Knoll v. Levert

Decision Date14 December 1914
Docket Number20845
Citation66 So. 959,136 La. 241
CourtLouisiana Supreme Court
PartiesKNOLL et al. v. LEVERT. In re LEVERT
SYLLABUS

(Syllabus by the Court.)

A mandamus will not lie to the president of a corporation commanding him to call a stockholders' meeting, where the charter gives to the board of directors the power to provide for general and special meetings of the stockholders, and where the board of directors have not by resolution or by-law made it the duty of the president to call such meeting.

When a corporation is sued, citation must be directed to the corporation, and not to an officer.

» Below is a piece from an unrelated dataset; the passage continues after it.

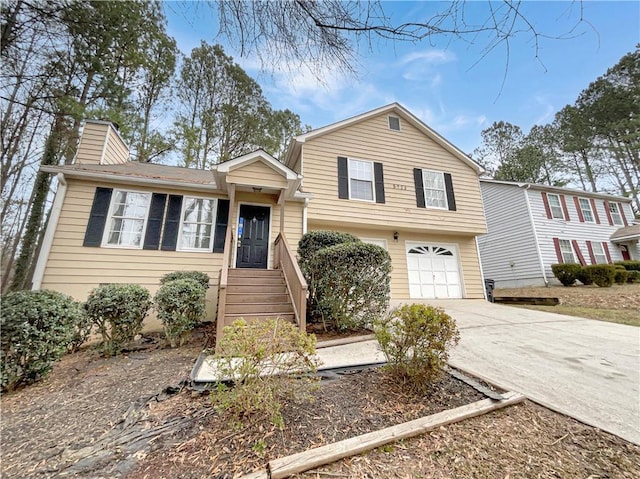 split level home with a garage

C. F Borah and H. G. Bloch, both of New Orleans, for applicant.

Woodville & Woodville, of New Orleans, and Cappel & Cappel, of Marksville, for respondents.

OPINION

SOMMERVILLE, J.

Plaintiffs, alleging themselves to be stockholders of the Shirley Planting Company, and that it was the duty of J. B. Levert, defendant, to call the annual meeting of the stockholders in and for the year 1914, ask that a mandamus issue directed to the said Levert to call the meeting. The petition was subsequently amended so as to make J. B. Levert, president of the Shirley Planting Company, the respondent in the cause, and plaintiffs pray that the mandamus issue to him as president.

Defendant excepted to the citation addressed to him as president of the Shirley Planting Company, on the ground that the citation should have been addressed to, and served upon, the Shirley Planting Company, and, for further reason why the alternative writ of mandamus should not be made peremptory, alleged that he was without authority, as president of the board of directors of the said company, to call a stockholders' meeting, and he set up other grounds of defense in his return.

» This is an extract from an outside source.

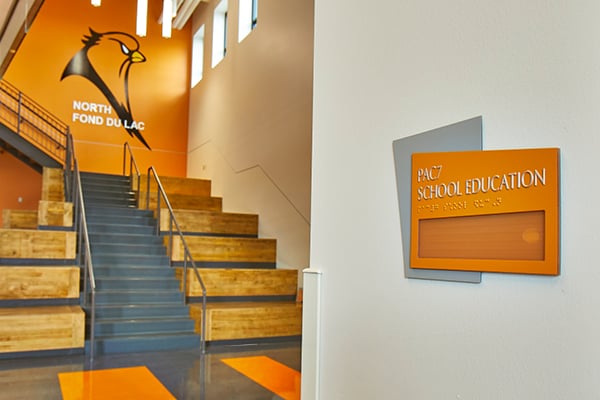 A staircase and risers to the left of an architectural sign.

The alternative writ of mandamus was made peremptory, which order, on appeal to the Court of Appeal, was affirmed, and defendant has invoked the supervisory jurisdiction of this court.

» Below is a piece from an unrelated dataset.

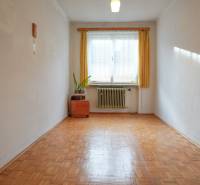 Ein Zimmer in einem Einfamilienhaus mit einem Boden in Holzoptik, einem Heizkörper und einem Fenster mit Gardine.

The charter of the Shirley Planting Company was offered in evidence on the trial; and to that instrument the consideration of the court is confined. No by-laws of the company were offered and filed; and our attention has not been directed to any statute governing the point here involved.

Article 2 of the charter provides that the domicile of the corporation shall be in the city of New Orleans --

'where all citations and other legal process shall be served upon the president, or, in his absence, upon the vice president, or, in his absence, upon the secretary and treasurer, or as otherwise provided by law.'

Article 5 provides:

'All of the corporate powers of this corporation shall be vested in and exercised by a board of directors, to be composed of not less than three nor more than six stockholders, the stockholders having the right at each annual election to select such of this number as they may desire, and to elect them for one year, or until their successors may be elected and qualified.'

The first board of directors was named in the charter, and it was further provided:

'The board of directors, named herein shall serve until the first Monday of March, 1914, at which time a new board shall be elected, and a board shall be elected annually thereafter on said first Monday in March. * * *

'The board of directors shall have full power to provide for the general or special meetings of the stockholders and of the board of directors.

'All notice of stockholders' or directors' meetings shall be preceded by notice. * * *

'All notices of stockholders' meetings shall be by written notice given ten days in advance of the meeting,' etc.

The charter does not give to the president of the corporation the right to call meetings of the stockholders; on the contrary, it provides that:

'The board of directors shall have power to provide for the general or special meetings of the stockholders and of the board of...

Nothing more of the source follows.